Un’avventura, conclusasi il 29 giugno a Finisterre e poi il 30 a Muxxia con il santuario sugli scogli, che Sauro ha raccontato e condiviso quotidianamente con video, fotografie, pensieri, emozioni ai suoi amici, sulla pagina del proprio profilo Facebook, in un diario di bordo fatto di ricordi indelebili. Due settimane lontano dai familiari, seguendo la via dei pellegrini, per arrivare a Compostela, nella Galizia, luogo simbolo del popolo cristiano, nel santuario dedicato a San Giacomo il Maggiore, evangelizzatore di Spagna. Si cerca di viaggiare nelle ore meno assolate per evitare la calura, quindi dopo l’inevitabile pit stop mangereccio a base di calorie e proteine per recuperare le energie dissipate, la sera a letto presto per essere pronti la mattina successiva a macinare i chilometri programmati. Come noto il Cammino di Santiago è uno dei percorsi di pellegrinaggio più famosi al mondo, ogni anno, infatti, migliaia e migliaia di accoliti provenienti da tutte le parti del mondo lo percorrono, per i motivi più disparati, che possono andare da un semplice atto di fede, alla speranza che un miracolo possa cambiare la propria vita o di qualche caro o anche la voglia di avere uno spazio di riflessione, per misurarsi e guardarsi dentro da trascorrere con se stessi. Un’esperienza di vita che può anche andare al di fuori del contesto strettamente religioso. E nonostante la bicicletta sia notoriamente un’attività per solitari, in questo contesto non vuol dire viaggiare da soli ma insieme a tanti altri, lungo un tragitto, dove non esiste competizione, anzi ci si aiuta e ci si sostiene a vicenda nei momenti di difficoltà che lo sforzo fisico impone, pedalata dopo pedalata, anche quando la mente è annebbiata e la lucidità offuscata dal sole cocente e dalle ardue e impegnative salite. Un’avventura che è la somma di tanti giorni trascorsi a pedalare, per raggiungere un punto segnato su una cartina, dentro il paesaggio, scoprendo l’umanità racchiusa nei piccoli centri, che nell’era della globalità si è persa nelle grandi città.
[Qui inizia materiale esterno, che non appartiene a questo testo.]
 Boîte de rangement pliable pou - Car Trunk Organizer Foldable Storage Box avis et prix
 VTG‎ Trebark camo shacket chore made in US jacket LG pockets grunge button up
Puntino dopo puntino, di sosta, ristoro, pernottamento, incontrando tante persone, ognuna con la sua storia umana da raccontare, scritta sul proprio volto. Come l’incontro, rimasto impresso nei ricordi di Sauro con un ragazzo disabile spagnolo, con il quale ha percorso diversi chilometri. “Un ragazzo che – racconta Sauro – affrontava il Cammino con un mezzo a batteria, progettato e costruito da lui e suo padre e quando gli ho chiesto se avesse trovato problemi sul percorso, mi ha risposto candidamente che i problemi veri, li avrebbe trovati una volta tornato a casa, perché sul cammino non ci sono”. E oltre ad essere entrato a far parte del popolo dei “camminanti”, Sauro si è portato a casa l’ambita “compostela”, il certificato rilasciato a tutti i pellegrini, che simboleggia l’espiazione dei propri peccati. Una soddisfazione, in grado di trasformare la stanchezza e la fatica accumulata in quei giorni, oltre ad ulteriori 2500 chilometri in pulmino per tornare a Fabriano, in gioia e consapevolezza di aver superato i limiti e le paure che la vita normale di tutti i giorni ci cuce addosso, grazie anche alla gioia dello “stare insieme” con tanti viandanti, che si trasformano in momenti unici e importanti, da portare con sé nel proprio cuore e da narrare a tutti. “Il sogno – dice Sauro – sarebbe quello di fare questo viaggio, il più emozionante della mia vita, che mi ha fatto scoprire molto di me e degli altri, a piedi, insieme a mia moglie e prima dei sessant’anni, chissà”. E magari, per chi vi scrive poter narrare anche quest’avventura, così come questa volta che ho avuto il piacere di poterlo fare.